Data Sufficiency

if x,y and z are integers and xy+z is an odd integer, is x an even integer?
1) xy + xz is even
2) y + xz is odd

IMO E

1) xy + xz is even

so xy and xz both even (a)
or both odd(b)

2) y + xz is odd

y odd, xz even(c)

xz odd, y even(d)

combine 1 and 2

combine (a) and (c)

xz =even
so y = odd

combine (a) and (d)

xz = even
and xz =0dd, contradictory, so this combination is not possible


combine (b) and (c)
xz =odd and xz even

contradictory, so this combination is also not possible

combine (b) and (d)

xz odd and y even

so two case arise:

y =odd, when xz = even
y = even when xz = odd

It is given xy+z is an odd integer
so (case I )xy =odd and z = even
(case II) xy =even and z = odd


Case I: xy =odd, Y can be even as well as odd

y= even,so xz has to be odd
But x =even

so case I is not possible


Case II:

xy = even and z = odd

if y = even, so xz = odd

so x has to be odd because z = odd and xz =odd

if y = odd, then xz =even

but since in CASE II z= odd
so x has to be even


thus we are getting 2 different values of x(even as well as odd)

so answer is E

I did not have time to go through the long explanation, esp because your answer was wrong.
Let me post the explanation for the OA is A.
The Q:
if x,y and z are integers and xy+z is an odd integer, is x an even integer?
1) xy + xz is even
2) y + xz is odd

Given: xy + z = O => xy = O - z; where O represents an odd number
=> if z is odd then xy is even; else if z is even xy is odd.

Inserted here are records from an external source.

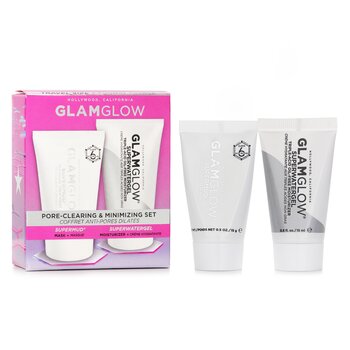 Glamglow 毛孔清潔和最小化套裝：Supermud Clearing Treatment 15g + Superwatergel Moisturizer 15ml (Pore-Clearing & Minimizing Set: Supermud Clearing Treatment 15g + Superwatergel Moisturizer 15ml)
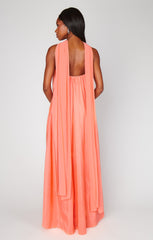 Tinsley Tube Dress ~ Cantaloupe Light Taffeta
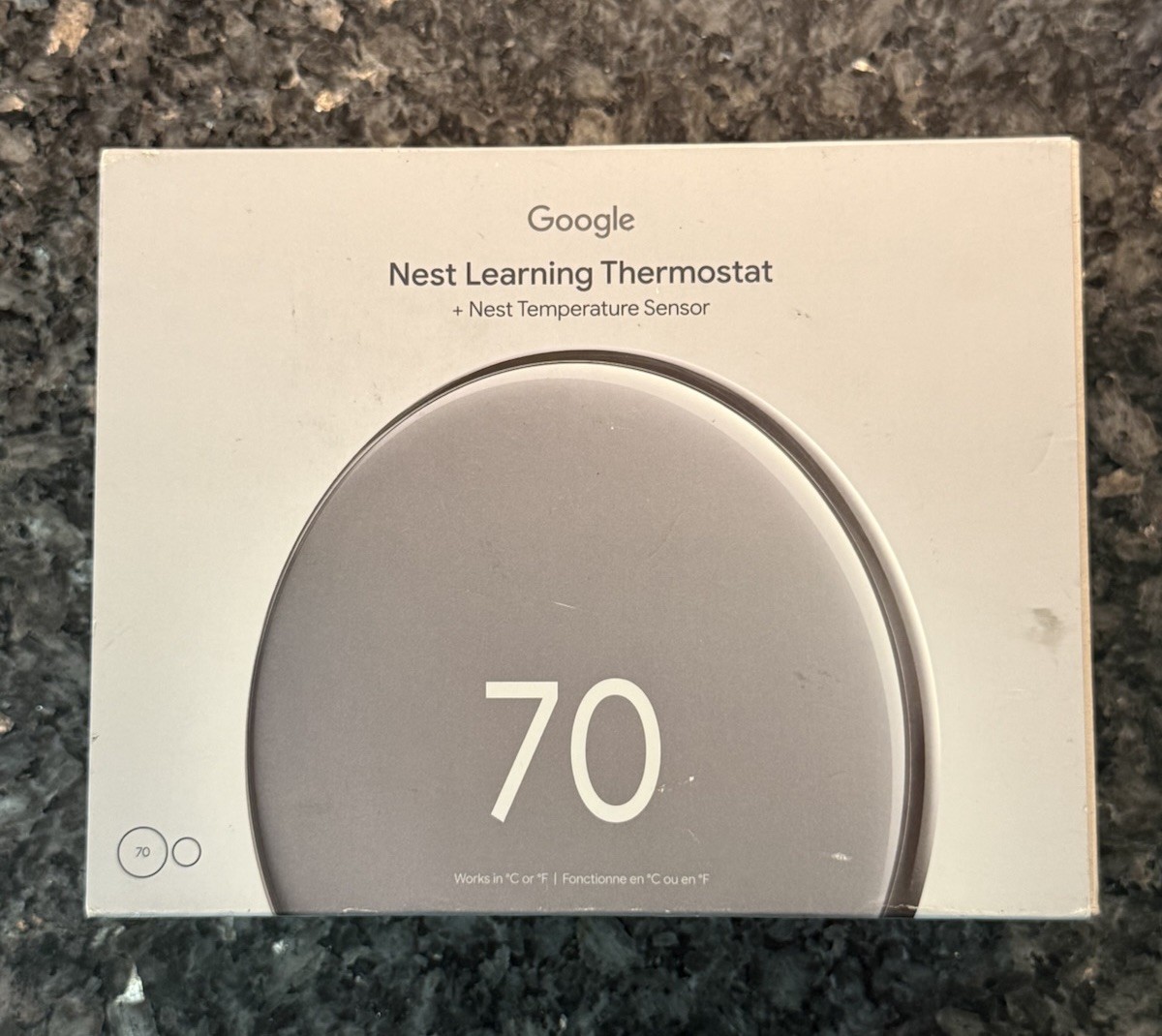 New Google Nest Learning Thermostat + Nest Temperature Sensor google thermostat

1) xy + xz = E; where E represents an even number
=> O - z + xz = E; since xy = O - z.
=>z(x-1) = E - O = O => z is O and x-1 is O => x is even. So 1 is sufficient

2) y + xz = O => xz = O - y
If y is even; xz is odd => x is odd
If y is odd; xz = even ---- does not say anything about x.
So x is not definite to be a even or odd. So 2 is insufficient.
Thus OA is A